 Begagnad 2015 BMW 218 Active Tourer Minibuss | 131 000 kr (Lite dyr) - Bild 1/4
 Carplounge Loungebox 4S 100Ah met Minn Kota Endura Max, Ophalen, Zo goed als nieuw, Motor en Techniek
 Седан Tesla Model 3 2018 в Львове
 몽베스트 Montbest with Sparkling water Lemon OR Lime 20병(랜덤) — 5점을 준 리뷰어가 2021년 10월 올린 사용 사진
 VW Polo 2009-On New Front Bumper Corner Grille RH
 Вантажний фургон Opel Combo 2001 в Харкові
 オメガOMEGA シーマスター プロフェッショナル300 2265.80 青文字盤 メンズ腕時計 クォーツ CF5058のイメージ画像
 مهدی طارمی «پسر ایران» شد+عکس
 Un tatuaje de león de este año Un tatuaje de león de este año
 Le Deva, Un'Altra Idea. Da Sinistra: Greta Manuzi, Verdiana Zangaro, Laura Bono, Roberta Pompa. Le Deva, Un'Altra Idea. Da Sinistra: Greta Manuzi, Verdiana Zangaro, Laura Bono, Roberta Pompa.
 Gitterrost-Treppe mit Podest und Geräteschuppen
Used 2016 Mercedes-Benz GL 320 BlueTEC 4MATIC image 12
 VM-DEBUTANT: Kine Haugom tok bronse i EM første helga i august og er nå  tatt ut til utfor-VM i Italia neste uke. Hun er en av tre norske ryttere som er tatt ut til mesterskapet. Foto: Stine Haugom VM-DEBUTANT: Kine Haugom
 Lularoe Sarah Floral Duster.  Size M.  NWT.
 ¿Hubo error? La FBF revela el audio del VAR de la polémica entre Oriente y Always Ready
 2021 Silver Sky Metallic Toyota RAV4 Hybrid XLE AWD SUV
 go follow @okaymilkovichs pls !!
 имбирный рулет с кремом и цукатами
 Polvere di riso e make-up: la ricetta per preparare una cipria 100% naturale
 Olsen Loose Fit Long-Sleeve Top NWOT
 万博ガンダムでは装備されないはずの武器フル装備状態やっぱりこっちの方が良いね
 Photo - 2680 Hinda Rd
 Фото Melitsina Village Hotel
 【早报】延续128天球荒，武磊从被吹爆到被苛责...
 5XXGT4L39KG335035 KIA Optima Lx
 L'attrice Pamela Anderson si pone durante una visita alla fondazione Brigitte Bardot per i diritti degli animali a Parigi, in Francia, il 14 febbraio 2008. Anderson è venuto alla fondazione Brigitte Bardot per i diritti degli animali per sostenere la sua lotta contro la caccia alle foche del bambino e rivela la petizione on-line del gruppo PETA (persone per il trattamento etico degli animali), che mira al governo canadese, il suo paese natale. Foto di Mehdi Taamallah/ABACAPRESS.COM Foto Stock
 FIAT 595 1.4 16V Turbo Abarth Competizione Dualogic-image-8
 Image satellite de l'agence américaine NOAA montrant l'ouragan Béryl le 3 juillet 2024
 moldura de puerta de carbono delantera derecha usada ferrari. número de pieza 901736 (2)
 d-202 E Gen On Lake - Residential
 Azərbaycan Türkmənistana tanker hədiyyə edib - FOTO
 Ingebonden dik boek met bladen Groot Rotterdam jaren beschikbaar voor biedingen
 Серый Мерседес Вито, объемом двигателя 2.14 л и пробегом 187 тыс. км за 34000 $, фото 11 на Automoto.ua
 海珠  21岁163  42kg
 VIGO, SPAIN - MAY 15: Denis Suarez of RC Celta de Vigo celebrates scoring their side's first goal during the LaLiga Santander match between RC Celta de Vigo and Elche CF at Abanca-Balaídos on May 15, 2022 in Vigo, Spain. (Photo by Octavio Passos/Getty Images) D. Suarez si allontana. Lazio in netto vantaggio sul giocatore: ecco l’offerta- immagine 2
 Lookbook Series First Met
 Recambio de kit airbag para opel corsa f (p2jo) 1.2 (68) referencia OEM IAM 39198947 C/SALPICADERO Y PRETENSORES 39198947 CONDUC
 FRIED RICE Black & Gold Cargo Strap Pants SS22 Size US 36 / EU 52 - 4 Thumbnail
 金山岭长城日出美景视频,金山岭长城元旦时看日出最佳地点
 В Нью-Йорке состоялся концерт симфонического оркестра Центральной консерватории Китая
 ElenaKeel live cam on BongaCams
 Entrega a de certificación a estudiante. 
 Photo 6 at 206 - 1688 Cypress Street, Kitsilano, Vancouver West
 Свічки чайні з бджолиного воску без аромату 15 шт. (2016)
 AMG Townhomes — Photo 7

Your task:
One exact transcript of the whole listing is the expected answer.

Written response:
 Begagnad 2015 BMW 218 Active Tourer Minibuss | 131 000 kr (Lite dyr) - Bild 1/4
 Carplounge Loungebox 4S 100Ah met Minn Kota Endura Max, Ophalen, Zo goed als nieuw, Motor en Techniek
 Седан Tesla Model 3 2018 в Львове
 몽베스트 Montbest with Sparkling water Lemon OR Lime 20병(랜덤) — 5점을 준 리뷰어가 2021년 10월 올린 사용 사진
 VW Polo 2009-On New Front Bumper Corner Grille RH
 Вантажний фургон Opel Combo 2001 в Харкові
 オメガOMEGA シーマスター プロフェッショナル300 2265.80 青文字盤 メンズ腕時計 クォーツ CF5058のイメージ画像
 مهدی طارمی «پسر ایران» شد+عکس
 Un tatuaje de león de este año Un tatuaje de león de este año
 Le Deva, Un'Altra Idea. Da Sinistra: Greta Manuzi, Verdiana Zangaro, Laura Bono, Roberta Pompa. Le Deva, Un'Altra Idea. Da Sinistra: Greta Manuzi, Verdiana Zangaro, Laura Bono, Roberta Pompa.
 Gitterrost-Treppe mit Podest und Geräteschuppen
Used 2016 Mercedes-Benz GL 320 BlueTEC 4MATIC image 12
 VM-DEBUTANT: Kine Haugom tok bronse i EM første helga i august og er nå  tatt ut til utfor-VM i Italia neste uke. Hun er en av tre norske ryttere som er tatt ut til mesterskapet. Foto: Stine Haugom VM-DEBUTANT: Kine Haugom
 Lularoe Sarah Floral Duster.  Size M.  NWT.
 ¿Hubo error? La FBF revela el audio del VAR de la polémica entre Oriente y Always Ready
 2021 Silver Sky Metallic Toyota RAV4 Hybrid XLE AWD SUV
 go follow @okaymilkovichs pls !!
 имбирный рулет с кремом и цукатами
 Polvere di riso e make-up: la ricetta per preparare una cipria 100% naturale
 Olsen Loose Fit Long-Sleeve Top NWOT
 万博ガンダムでは装備されないはずの武器フル装備状態やっぱりこっちの方が良いね
 Photo - 2680 Hinda Rd
 Фото Melitsina Village Hotel
 【早报】延续128天球荒，武磊从被吹爆到被苛责...
 5XXGT4L39KG335035 KIA Optima Lx
 L'attrice Pamela Anderson si pone durante una visita alla fondazione Brigitte Bardot per i diritti degli animali a Parigi, in Francia, il 14 febbraio 2008. Anderson è venuto alla fondazione Brigitte Bardot per i diritti degli animali per sostenere la sua lotta contro la caccia alle foche del bambino e rivela la petizione on-line del gruppo PETA (persone per il trattamento etico degli animali), che mira al governo canadese, il suo paese natale. Foto di Mehdi Taamallah/ABACAPRESS.COM Foto Stock
 FIAT 595 1.4 16V Turbo Abarth Competizione Dualogic-image-8
 Image satellite de l'agence américaine NOAA montrant l'ouragan Béryl le 3 juillet 2024
 moldura de puerta de carbono delantera derecha usada ferrari. número de pieza 901736 (2)
 d-202 E Gen On Lake - Residential
 Azərbaycan Türkmənistana tanker hədiyyə edib - FOTO
 Ingebonden dik boek met bladen Groot Rotterdam jaren beschikbaar voor biedingen
 Серый Мерседес Вито, объемом двигателя 2.14 л и пробегом 187 тыс. км за 34000 $, фото 11 на Automoto.ua
 海珠  21岁163  42kg
 VIGO, SPAIN - MAY 15: Denis Suarez of RC Celta de Vigo celebrates scoring their side's first goal during the LaLiga Santander match between RC Celta de Vigo and Elche CF at Abanca-Balaídos on May 15, 2022 in Vigo, Spain. (Photo by Octavio Passos/Getty Images) D. Suarez si allontana. Lazio in netto vantaggio sul giocatore: ecco l’offerta- immagine 2
 Lookbook Series First Met
 Recambio de kit airbag para opel corsa f (p2jo) 1.2 (68) referencia OEM IAM 39198947 C/SALPICADERO Y PRETENSORES 39198947 CONDUC
 FRIED RICE Black & Gold Cargo Strap Pants SS22 Size US 36 / EU 52 - 4 Thumbnail
 金山岭长城日出美景视频,金山岭长城元旦时看日出最佳地点
 В Нью-Йорке состоялся концерт симфонического оркестра Центральной консерватории Китая
 ElenaKeel live cam on BongaCams
 Entrega a de certificación a estudiante. 
 Photo 6 at 206 - 1688 Cypress Street, Kitsilano, Vancouver West
 Свічки чайні з бджолиного воску без аромату 15 шт. (2016)
 AMG Townhomes — Photo 7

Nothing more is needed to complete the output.